Who holds Eastern Lagoon, and why? Two distinct profiles dominate. The first is the long-tenure owner — residents and investors who acquired units in the 1990s or early 2000s at prices well below today’s levels, who have either been renting the units out or using them as primary residences, and who are now holding through en-bloc optionality with essentially no urgency to sell. The second is the value-seeking buyer who cannot afford newer freehold launches along East Coast or Marine Parade, and who accepts the renovation requirement and modest facilities in exchange for a fundamentally sound freehold title on the right side of the TEL connectivity story. Both profiles are coherent. What Eastern Lagoon is not suited for is buyers expecting a turnkey, move-in-ready lifestyle product with resort amenities — that is not what this development is.

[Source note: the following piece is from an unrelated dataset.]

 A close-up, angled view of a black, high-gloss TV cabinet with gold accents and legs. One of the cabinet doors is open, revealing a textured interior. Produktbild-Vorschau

The TEL’s full opening has changed the calculus for this entire stretch of Upper East Coast Road more than any single development event in recent years. Bayshore and Siglap stations have brought genuine rail connectivity to a corridor that previously felt isolated from the rest of Singapore. For Eastern Lagoon’s holding owners, this is an uplift they waited four decades for. For new buyers, the current PSF of ~S$1,679 still offers a measured entry into D15 freehold with upside tied to both the TEL connectivity premium and the slow-burning en-bloc narrative. The combination of those two factors — neither guaranteed, both plausible — is what gives this vintage estate an investment case that newer, more expensive launches in the area cannot match on risk-adjusted terms.